What the exercise asks
The result should be an exact copy of the entries that follow, with no pictures included.

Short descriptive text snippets
◆ ◆ ◆
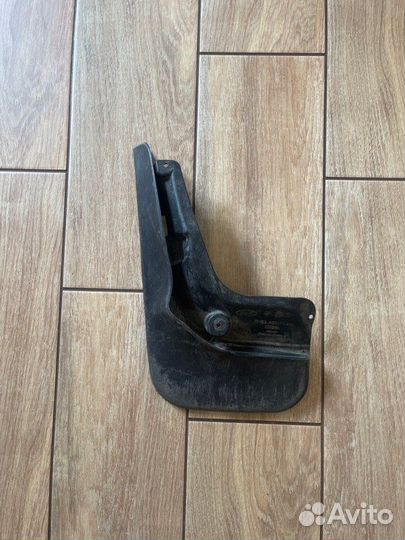 Брызговик задний левый Ford Focus 3 С 2011 По 2019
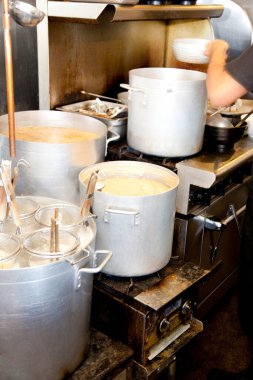 Mutfakta geleneksel Asya yemekleri pişirmek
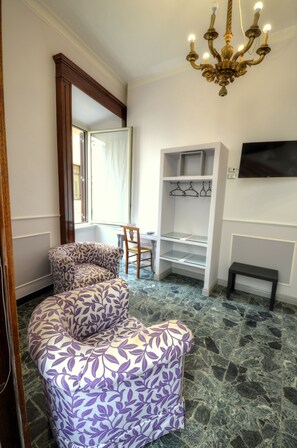 Deluxe Double Room, City View | Desk, iron/ironing board, free WiFi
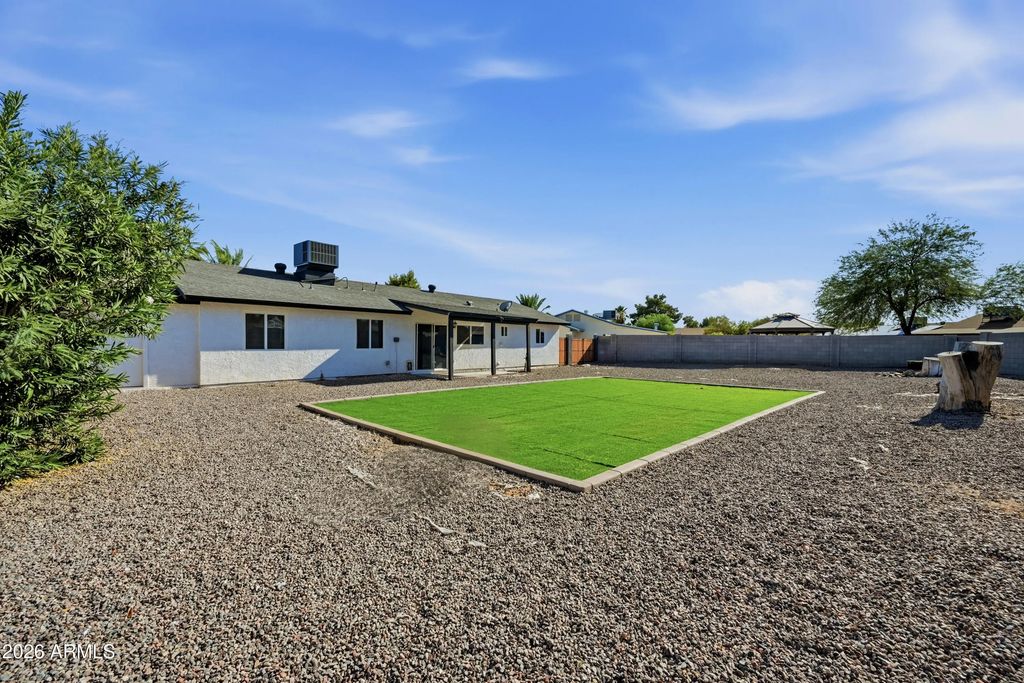 2566 E Villa Rita Drive, Phoenix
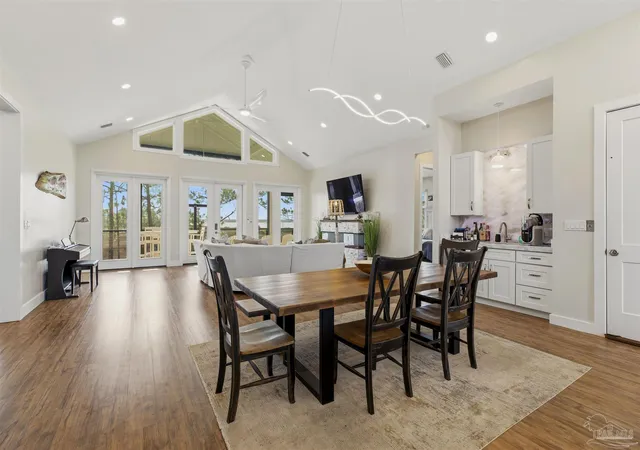 Photo 4 of Single family home for sale at 5402 N Shore Rd, Pensacola, FL 32507 | MLS# 683667 | Listing updated on 2026-09-29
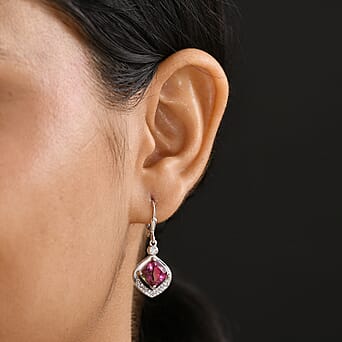 https://tjcuk.sirv.com/Products/81/1/8116081/Watermelon-Quartz-Triplet-White-Zircon-Solitaire-Lever-Back-Earring-in_8116081_2.jpg?w=342&h=342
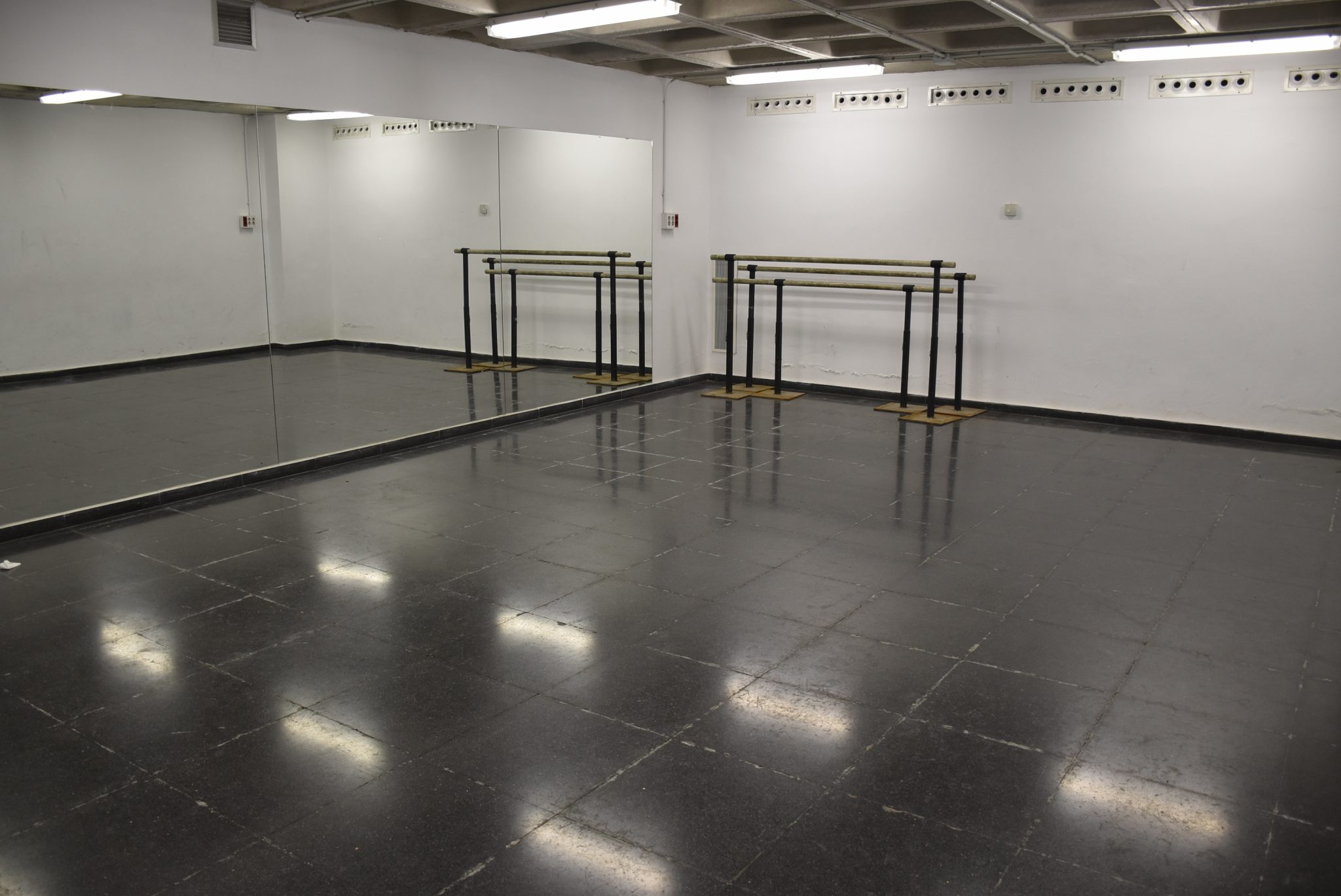 Sala d'assaig amb espills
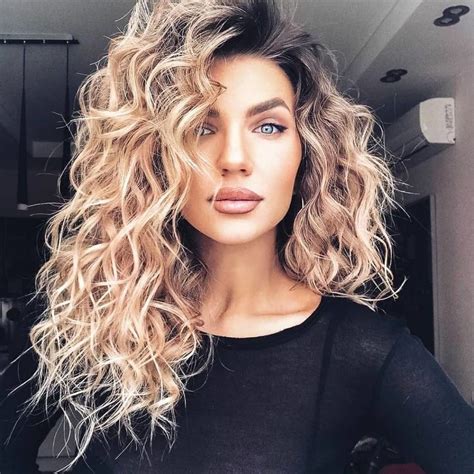 31 Easy Hairstyles For Medium Curly Dyed Hair Highlights Medium Curly Hair Styles Medium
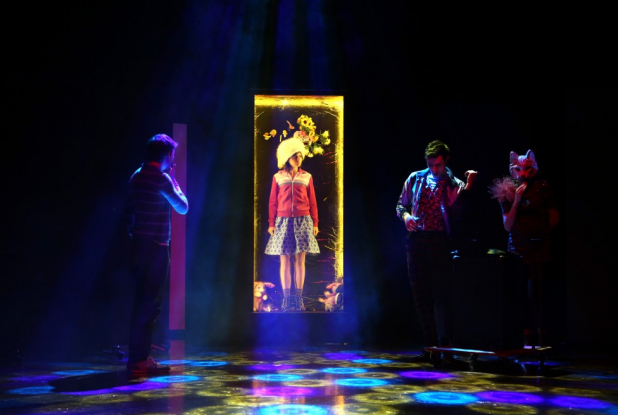 Le chat n'a que faire des souris mortes - création 2017 - photo Anne Sendik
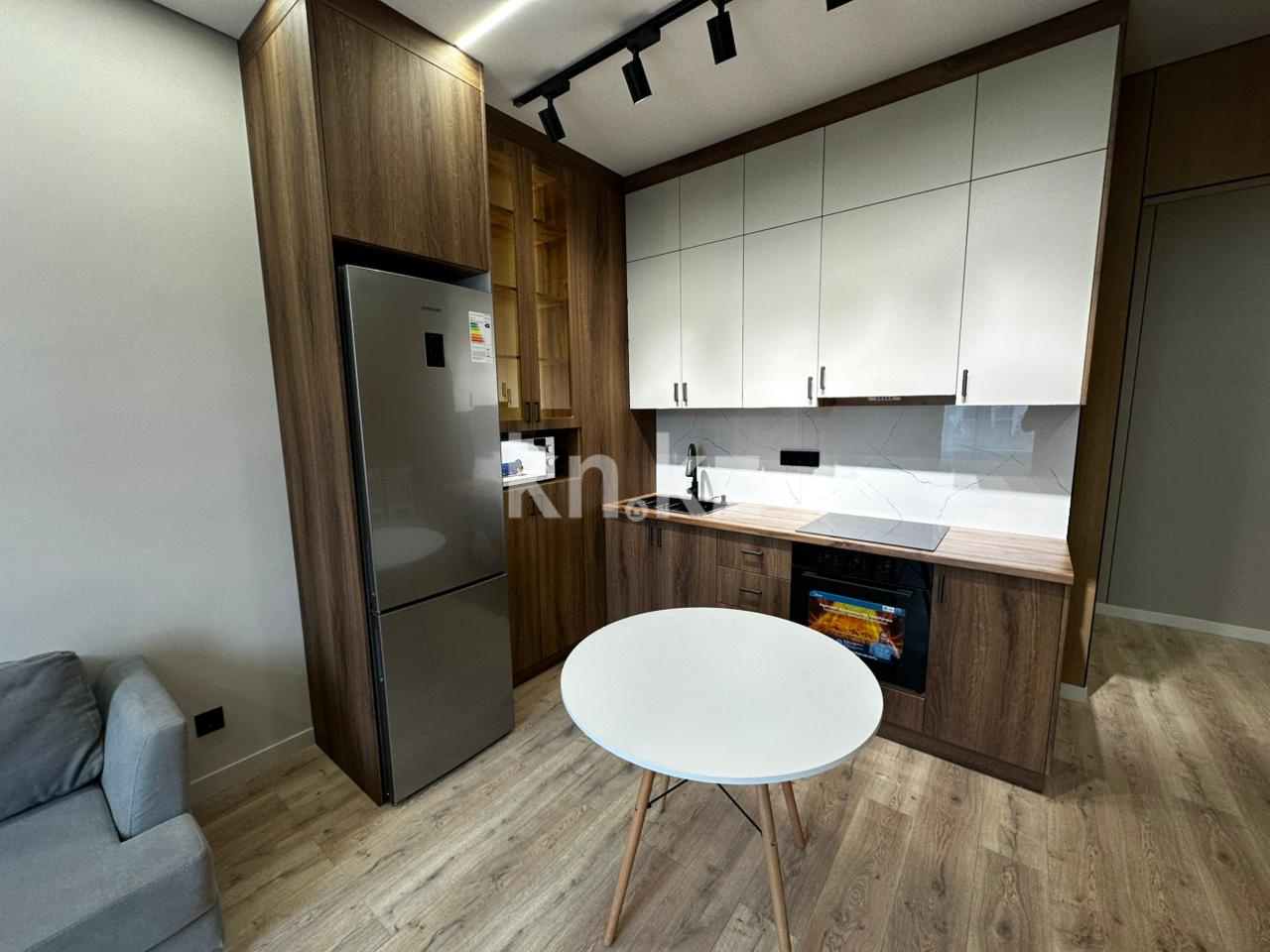 Аренда 2-комнатной квартиры, 50 м², ул. Керей, Жанибек хандар, дом  42 - Продажа квартир в Астане фото 1 из 10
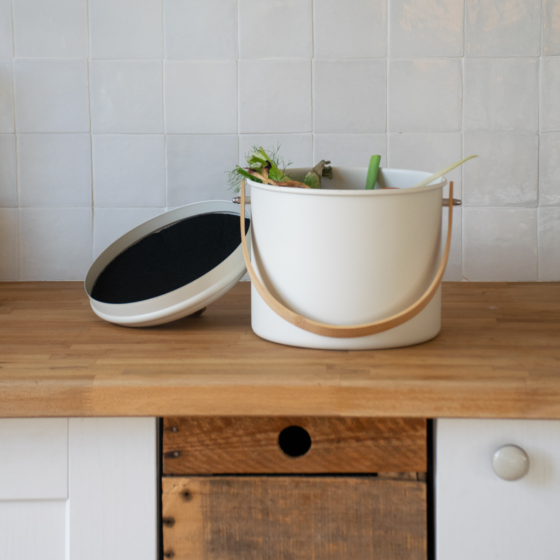 Seau à Compost d'intérieur en Acier avec Filtre Anti-Odeurs - 7 L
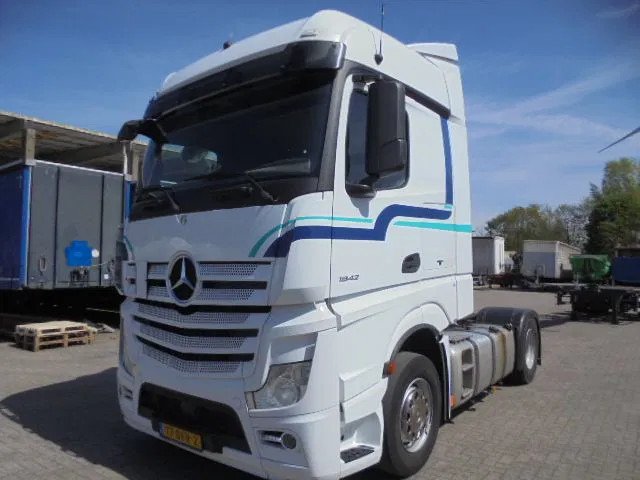 Truck Mercedes Benz 1842 L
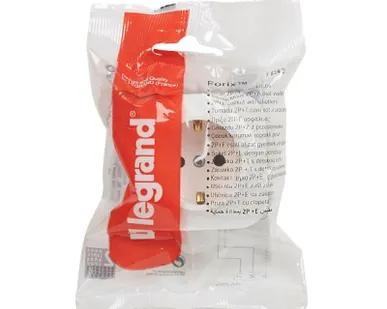 фото Розетка 1-м ОП Quteo 16А защ. шторки с заземл. бел. Leg 782220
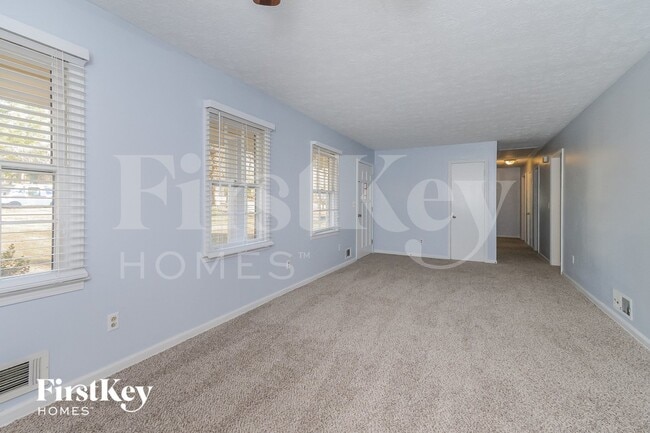 Photo - 195 King David Dr SW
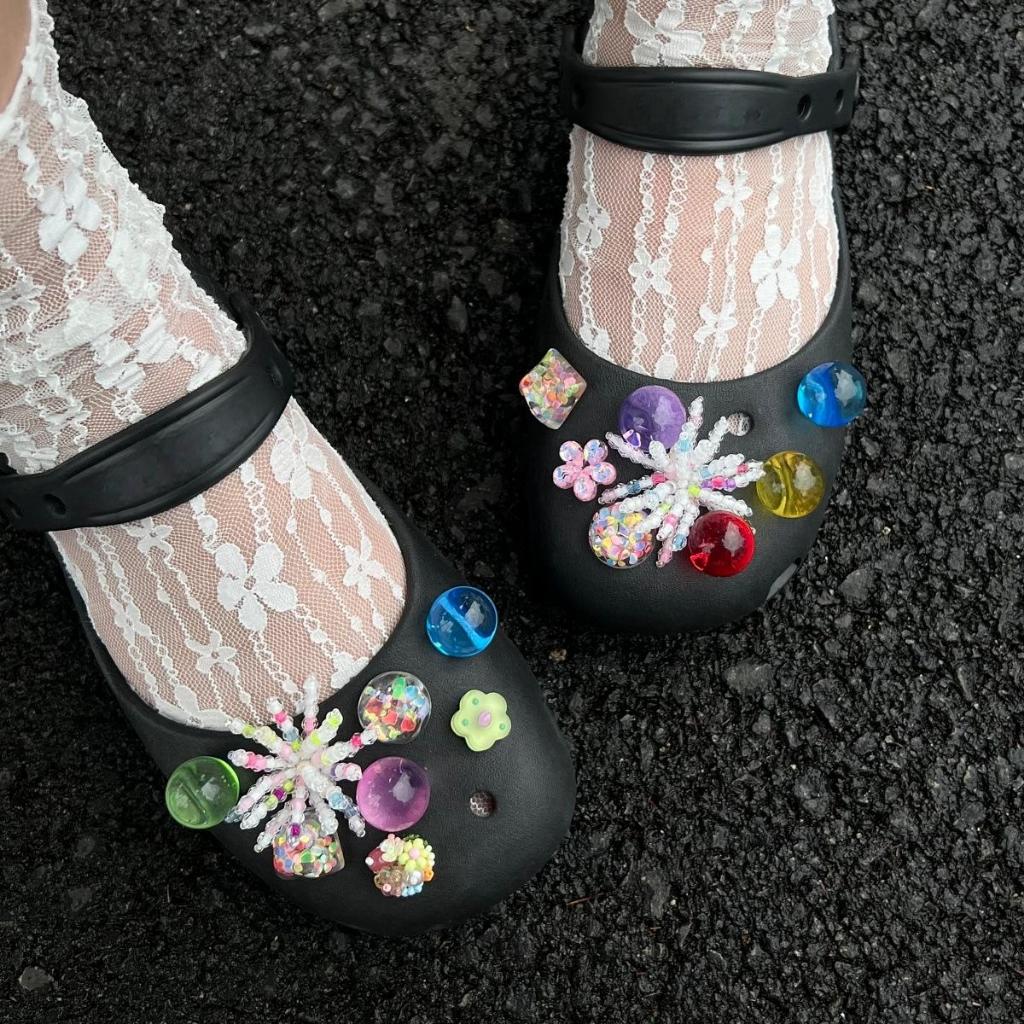 Phụ Nữ Bé Gái Tắc Sandal Giày DIY Quyến Rũ Phong Cách Dễ Thương Nhiều Màu Sắc Hoa Mặt Dây Chuyền Nút Lỗ Giày Trang Trí Bộ Phụ Kiện Quà Tặng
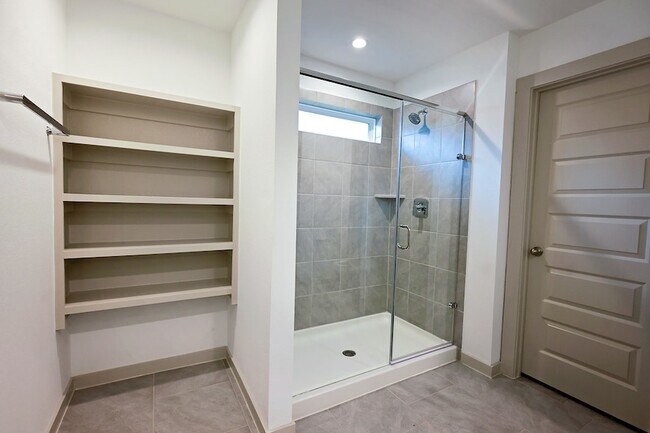 Building Photo - 5034 Pine Haven Lane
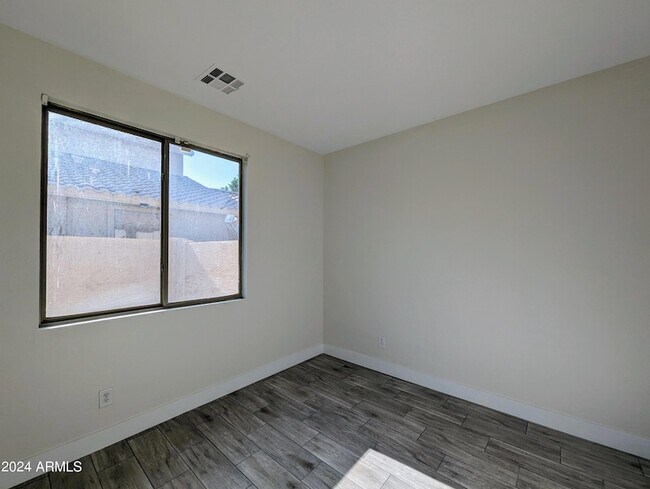 Building Photo - 15432 W Tasha Cir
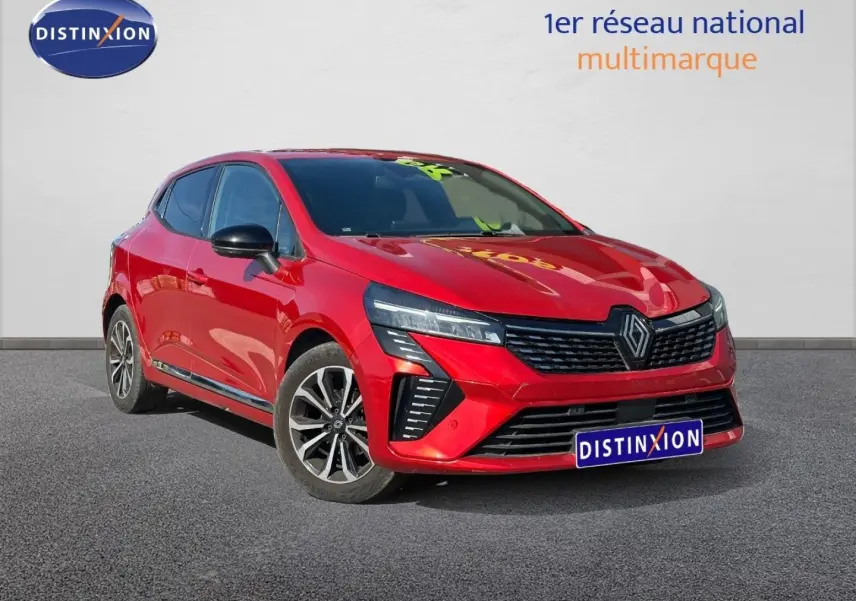 Renault Clio 1.0 Eco-G rouge Flamme vue 3/4 avant droit, avec calandre chromée et jantes alu distinctives.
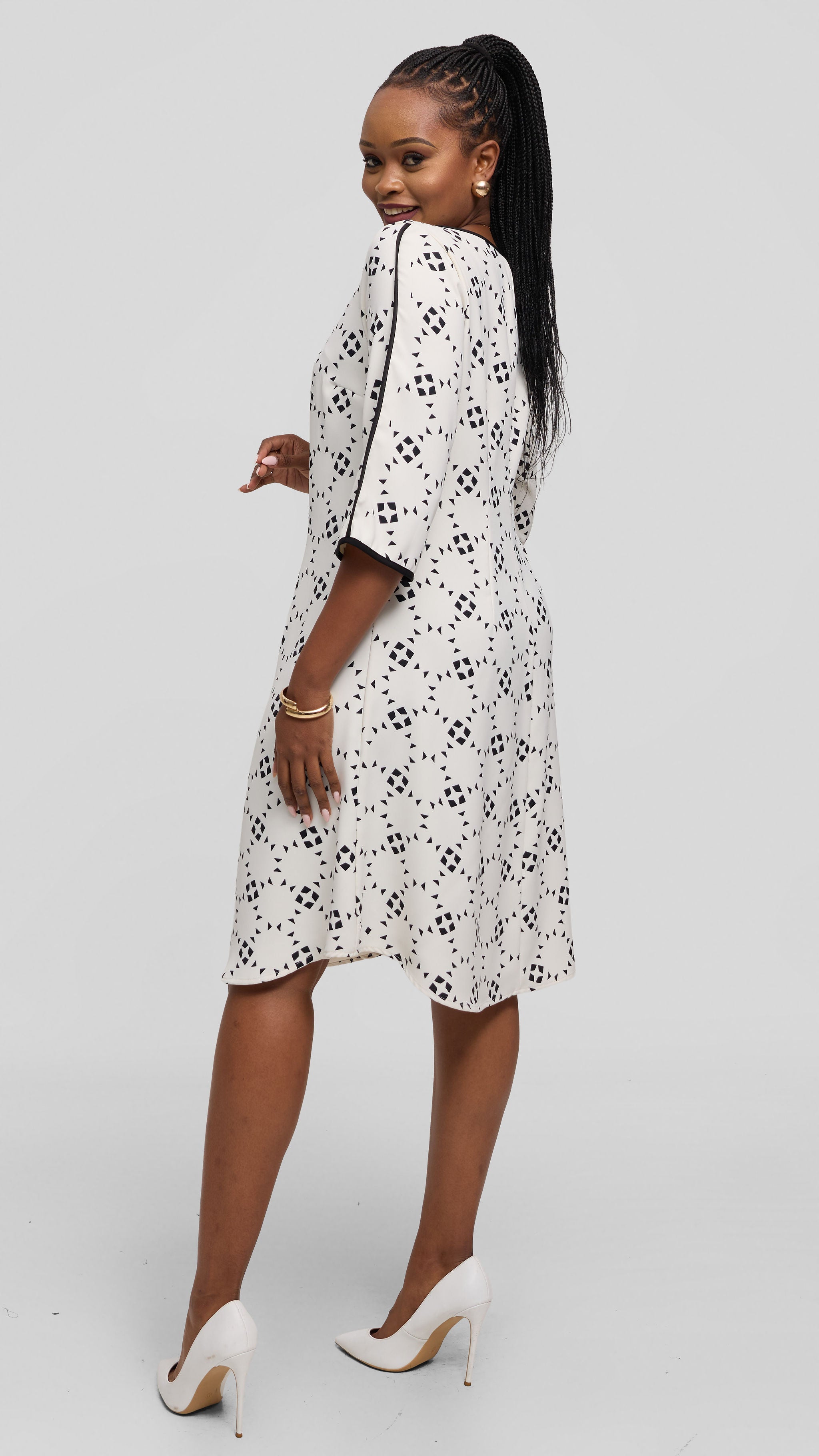 Vivo Pendo 3/4 Sleeve A Line Dress in Crepe - Off White / Black Talo Print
◆ ◆ ◆
Answer box
 Брызговик задний левый Ford Focus 3 С 2011 По 2019
 Mutfakta geleneksel Asya yemekleri pişirmek
 Deluxe Double Room, City View | Desk, iron/ironing board, free WiFi
 2566 E Villa Rita Drive, Phoenix
 Photo 4 of Single family home for sale at 5402 N Shore Rd, Pensacola, FL 32507 | MLS# 683667 | Listing updated on 2026-09-29
 https://tjcuk.sirv.com/Products/81/1/8116081/Watermelon-Quartz-Triplet-White-Zircon-Solitaire-Lever-Back-Earring-in_8116081_2.jpg?w=342&h=342
 Sala d'assaig amb espills
 31 Easy Hairstyles For Medium Curly Dyed Hair Highlights Medium Curly Hair Styles Medium
 Le chat n'a que faire des souris mortes - création 2017 - photo Anne Sendik
 Аренда 2-комнатной квартиры, 50 м², ул. Керей, Жанибек хандар, дом  42 - Продажа квартир в Астане фото 1 из 10
 Seau à Compost d'intérieur en Acier avec Filtre Anti-Odeurs - 7 L
 Truck Mercedes Benz 1842 L
 фото Розетка 1-м ОП Quteo 16А защ. шторки с заземл. бел. Leg 782220
 Photo - 195 King David Dr SW
 Phụ Nữ Bé Gái Tắc Sandal Giày DIY Quyến Rũ Phong Cách Dễ Thương Nhiều Màu Sắc Hoa Mặt Dây Chuyền Nút Lỗ Giày Trang Trí Bộ Phụ Kiện Quà Tặng
 Building Photo - 5034 Pine Haven Lane
 Building Photo - 15432 W Tasha Cir
 Renault Clio 1.0 Eco-G rouge Flamme vue 3/4 avant droit, avec calandre chromée et jantes alu distinctives.
 Vivo Pendo 3/4 Sleeve A Line Dress in Crepe - Off White / Black Talo Print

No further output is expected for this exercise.